Excellent choice of Kit, they look like they belong.
Your Fit and Finish is Good, but in your Photograph, with the Dark Background, and shadows of the clip etc, it doesn't seem to have the Sheen I would have expected.
It could even be the lighting.
Apart from that, A Great Pen.
Congratulations.
Brian.


----------



## tgsean (Mar 7, 2014)

Great pen, the fit is good. I too can't see a gloss or sheen on it. Is it a Satin finish?


----------



## Band Saw Box (Mar 7, 2014)

That's a great looking blank, The pens really came out nice, good fit. What did you use for your finish?


----------



## twinsen (Mar 7, 2014)

Ok... sheesh... tough crowd. You caught me. I rushed the picture and didn't wipe the pen down. 

I got out all the camera equipment this morning before work... here are some updated photos pulling out all the stops (still in a rushed manner).


----------



## Mias (Mar 7, 2014)

Beautifull pen even with the dust


----------



## stonepecker (Mar 7, 2014)

THAT is a keeper.

Love it.


----------



## twinsen (Mar 7, 2014)

*Finish*

Several of you asked about the finish. I just wet sanded it to 12,000. I tried using some P.P. Hutt wax... but didn't like how it worked so I took it off and wet sanded it back to 12,000 and left it. I try to eliminate as much glare as I can with a good flash and an umbrella.

It has a good shine on it when I take it out and look at it.... but it could be shinier.
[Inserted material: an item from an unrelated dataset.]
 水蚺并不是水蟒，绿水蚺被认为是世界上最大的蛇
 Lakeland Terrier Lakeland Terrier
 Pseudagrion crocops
What do people recommend to use on acrylics at the very end?


----------



## ed4copies (Mar 7, 2014)

Plastic polish---automotive or Hut Plastic Polish, or any of many similar.

If you plan to do a LOT of pens, invest in a buffing system---that will give you the best results, the most quickly.

Nice job, pen looks good and yes, John's resin is very easy to turn.


----------



## walshjp17 (Mar 7, 2014)

twinsen said:


> What do people recommend to use on acrylics at the very end?



As Ed said, "Plastic polish."  I have found Maguire's PlastX to be excellent and since it is carried by Harbor Freight, the price is right.  PlastX is a headlight lens cleaner and it removes scratches as it polishes.  Double duty!:biggrin:


----------



## Hendu3270 (Mar 7, 2014)

twinsen said:


> Several of you asked about the finish. I just wet sanded it to 12,000. I tried using some P.P. Hutt wax... but didn't like how it worked so I took it off and wet sanded it back to 12,000 and left it. I try to eliminate as much glare as I can with a good flash and an umbrella.
> 
> It has a good shine on it when I take it out and look at it.... but it could be shinier. What do people recommend to use on acrylics at the very end?



After sanding to 12k, what I've started doing it using a polishing compound (lathe off), then using an automotive polish, then I use the Beall buffing system. Works well for me.


----------



## elkhorn (Mar 7, 2014)

Great job! Fit and finish are spot on.

Keep up the good work.


----------



## Brooks803 (Mar 7, 2014)

Looks great with or without the dust :wink:


----------